Stasera non so' per quale motivo, ma avevo bisogno si ascoltare i Kent. Un po' come quando una donna in dolce attesa ha le voglie di fragole o altro, io avevo voglia di ascoltare i Kent. Così mi sono messo alla ricerca (notando un certo strato di polvere su molti cd, e alcuni di questi hanno subito i danni di quando mia madre pulisce la stanza) di un loro cd, quello più recente che ho, ovvero "Vapen Och Ammunition" del 2002, cd che mi invio una vecchia amica svedese al tempo, alla quale le chiesi espressamente di mandarmi la versione svedese. Ebbene sì, avete letto proprio bene, volevo la versione originale (per il resto d'europa incidono in inglese) cantata in svedese. Non mi chiedete perchè ma la volevo così.

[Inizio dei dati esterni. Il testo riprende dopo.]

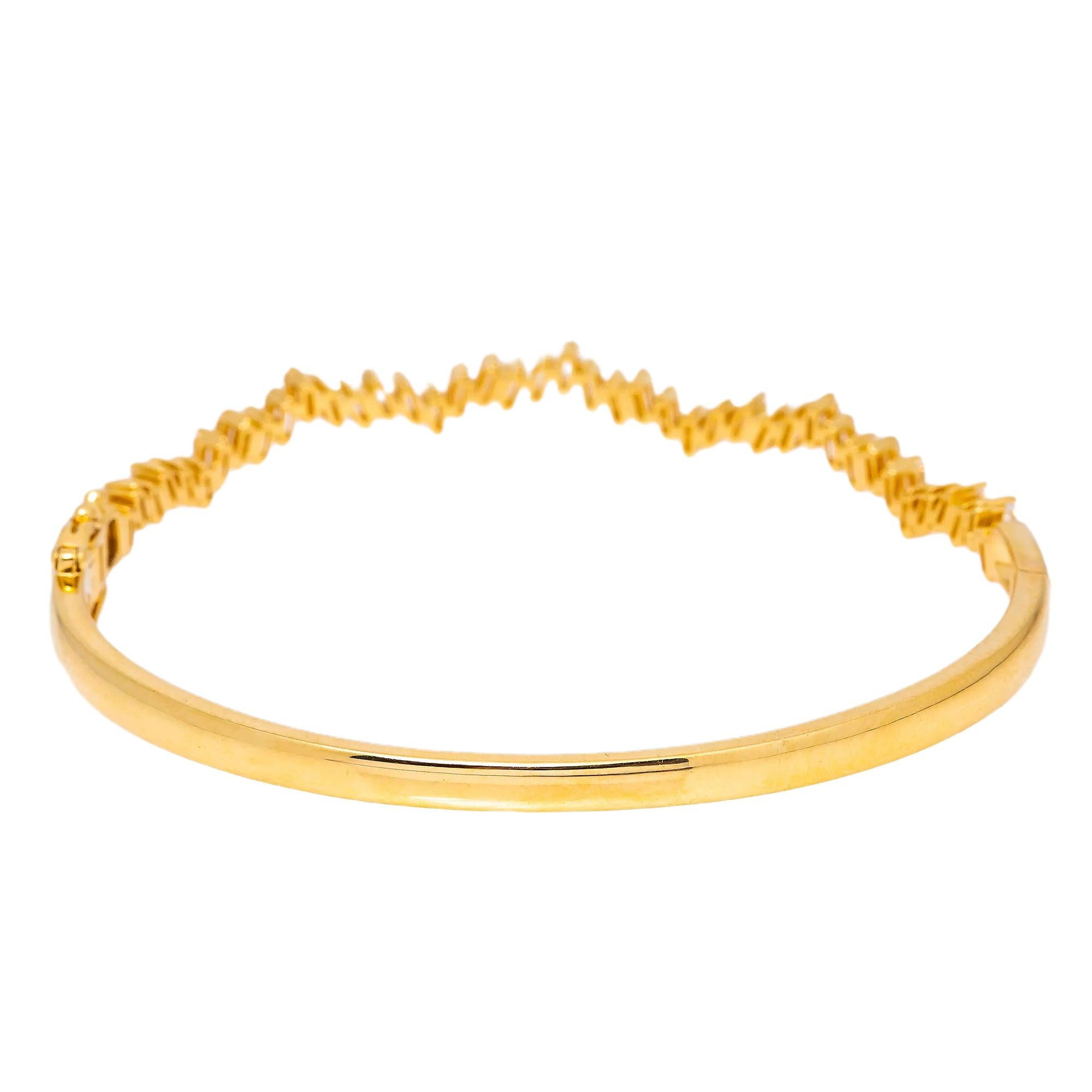 18K YELLOW GOLD LADIES BAGUETTE BRACELET WITH 1.59 CT DIAMONDS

Il cd è particolare, basti pensare che i Kent, formati nel lontano 1990, all'inizio era un gruppo grunge, per poi, dopo un cambio di line-up, diventare un gruppo pop colto, molto simili ai Suede come sonorità, ma con testi e armonie molto più "serie". Questo in particolare, a differenza dell'altro album che ho di loro (Isola, del 1997 se non erro), è a momenti molto malinconico in altri molto etereo andando a finire in sonorità più trip-hop che pop, mi sembra quasi di trovarmi solo in una casa nella periferia di Stoccolma, con la neve che cade lentamente fuori, e i rumori della città in sottofondo (quest'ultimo pezzo è tremendo, sarà per colpa del freddo fuori).
Pezzi come Kärlenken Väntar o Sundance Kid potete riascoltari mille volte ma non vi stancheranno mai, con il loro ritmo lento ma ipnotico. Parlor invece poteva essere un potenziale singolo (e magari lo è stato pure), molto ammiccante alle grandi folle.
Ottimo acquisto (se lo trovate), soprattutto come colonna sonora per le stagioni maliconiche come l'autunno e l'inverno.